Mais de 93 mil idosos morreram no Brasil por desnutrição. Os dados são referentes ao período entre os anos 2000 e 2021 e foram divulgados em um artigo publicado na “Revista Brasileira de Geriatria e Gerontologia”, na última segunda (12).
De acordo com a pesquisa, a faixa etária mais vulnerável a esse tipo de morte é de 80 anos ou mais. Pessoas com essa idade representam 63% do total de óbitos por essa causa.
As conclusões são de pesquisadores da Universidade Federal do Amazonas (Ufam) e da Universidade Federal dos Vales do Jequitinhonha e Mucuri (UFVJM).
O estudo analisou a tendência de mortalidade de idosos por desnutrição proteico-calórica, caracterizada como uma deficiência grave de proteínas e calorias devido ao consumo insuficiente por um longo período.
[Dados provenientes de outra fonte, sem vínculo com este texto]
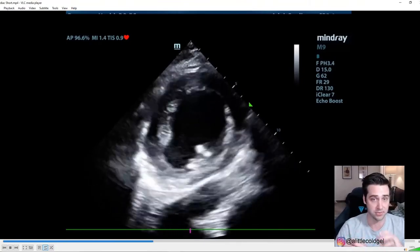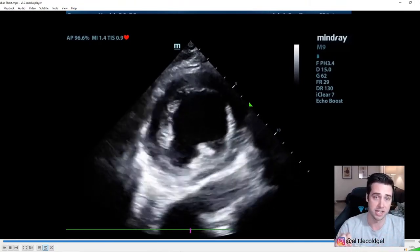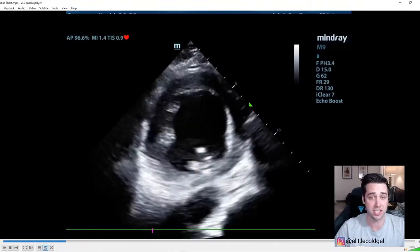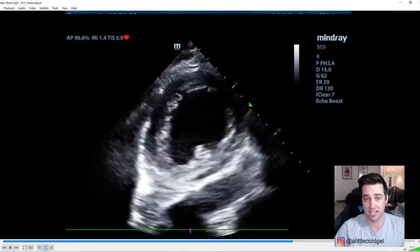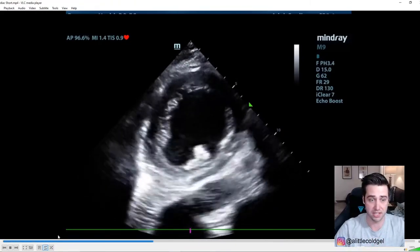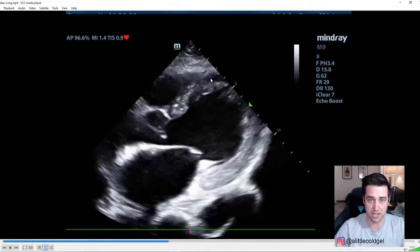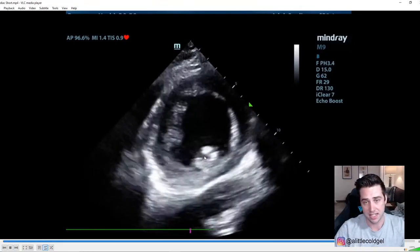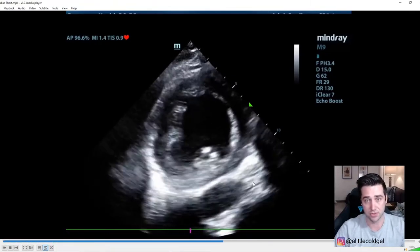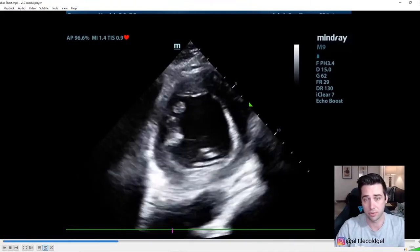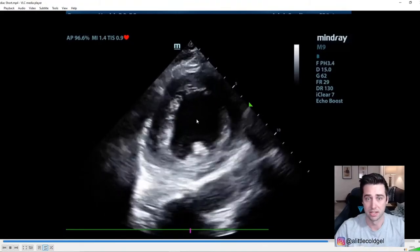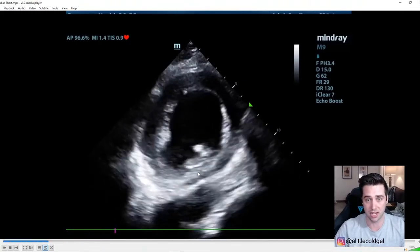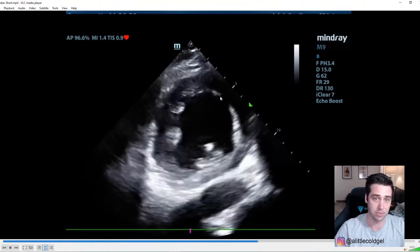This is a parasternal short axis view. When you have that probe next to the sternum with the indicator pointed towards the right shoulder, you rotate it 90 degrees and get the ventricle on its short axis — you can see the entire circumference of the left ventricle. The right ventricle is off to the side, and inside you can see the papillary muscles. To get a good parasternal short axis view, you want to see the papillary muscles, not the mitral valve leaflets.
Os autores reuniram dados de 2000 a 2021 do Sistema de Informação sobre Mortalidade (SIM), vinculado ao Departamento de Informática do SUS (DATASUS), e observaram as características da população afetada.
“São achados que, de um modo geral, nos surpreendem, visto que a desnutrição proteico-calórica é uma causa comum de óbito, sobretudo em idosos, mas que pode ser evitada”, explica Ronilson Ferreira Freitas, pesquisador da UFAM e um dos autores do artigo.
As taxas de morte por desnutrição são maiores entre os homens, o que indica possível negligência em relação a um estilo de vida saudável. Para Freitas, os resultados evidenciam a necessidade de fortalecer uma abordagem de prevenção nos serviços de saúde.
O autor destaca a necessidade de mais estudos sobre o tema, avaliando as taxas por regiões e unidades da federação. “É preciso entender melhor quem são e onde estão os idosos expostos a maior risco de desnutrição proteico-calórica, e identificar, no contexto atual, quais são as condições que aumentam o risco de tal evento”.
Segundo o Instituto Brasileiro de Geografia e Estatística (IBGE), vivem no Brasil cerca de 32 milhões de pessoas com mais de 60 anos, o que equivale a 15% da população.